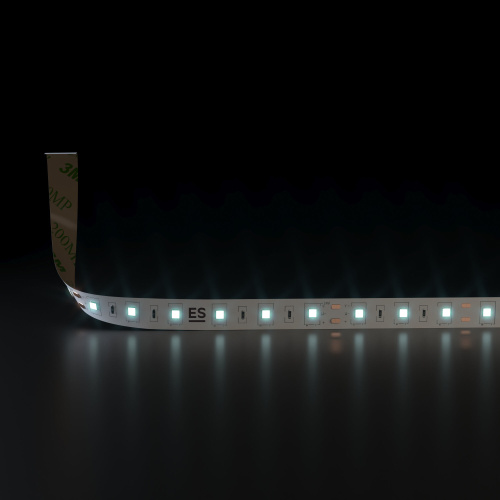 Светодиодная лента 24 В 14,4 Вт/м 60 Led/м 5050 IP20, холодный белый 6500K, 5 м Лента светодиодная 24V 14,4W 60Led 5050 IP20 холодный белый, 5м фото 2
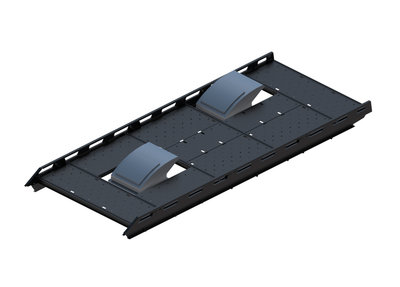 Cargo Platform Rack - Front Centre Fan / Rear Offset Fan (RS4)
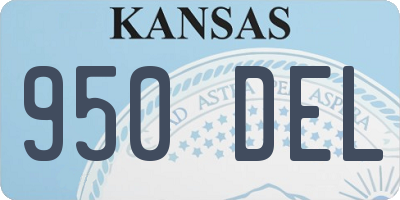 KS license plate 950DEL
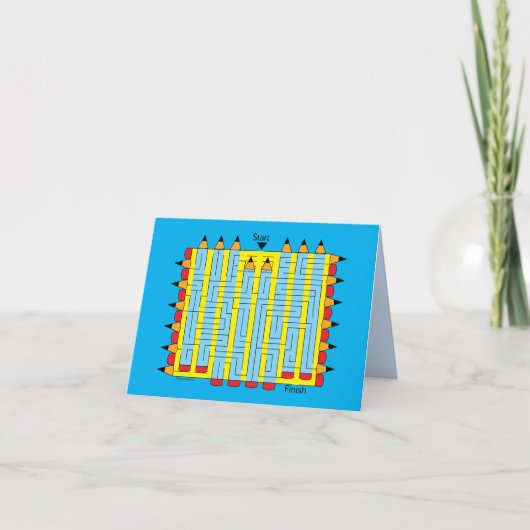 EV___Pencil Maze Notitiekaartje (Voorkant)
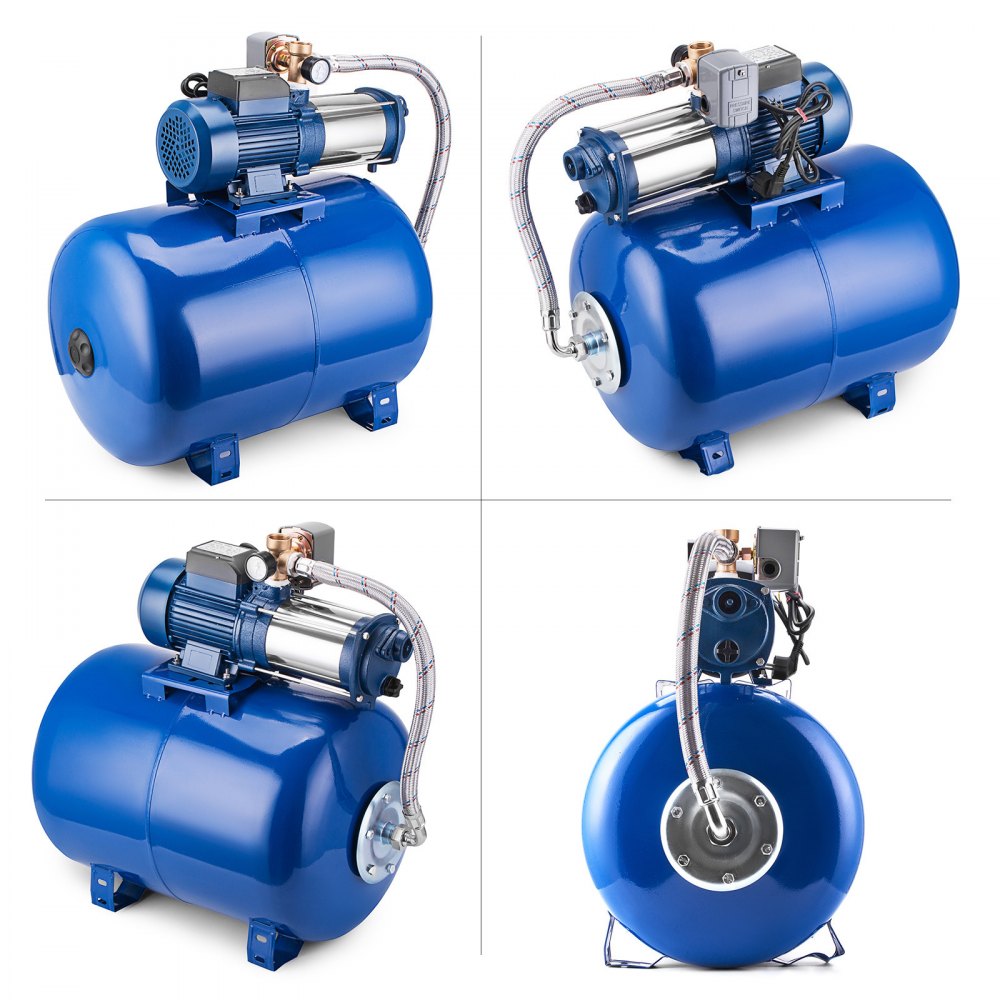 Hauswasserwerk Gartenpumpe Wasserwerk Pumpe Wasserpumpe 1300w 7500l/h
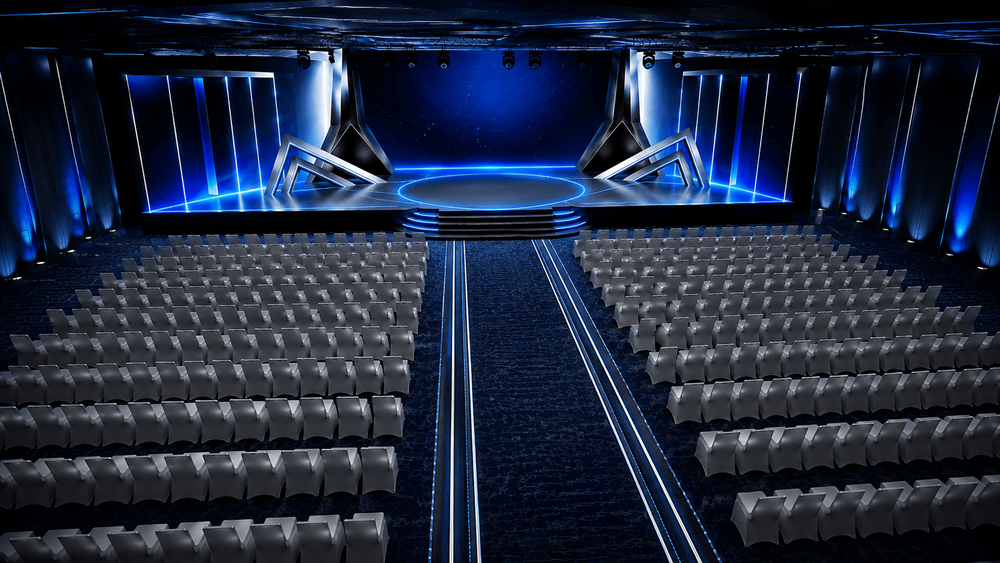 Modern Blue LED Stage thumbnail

◇ ◇ ◇ ◇

Problem details - In the copy, include no pictures, but repeat the listing exactly.

Problem solution -
 Светодиодная лента 24 В 14,4 Вт/м 60 Led/м 5050 IP20, холодный белый 6500K, 5 м Лента светодиодная 24V 14,4W 60Led 5050 IP20 холодный белый, 5м фото 2
 Cargo Platform Rack - Front Centre Fan / Rear Offset Fan (RS4)
 KS license plate 950DEL
 EV___Pencil Maze Notitiekaartje (Voorkant)
 Hauswasserwerk Gartenpumpe Wasserwerk Pumpe Wasserpumpe 1300w 7500l/h
 Modern Blue LED Stage thumbnail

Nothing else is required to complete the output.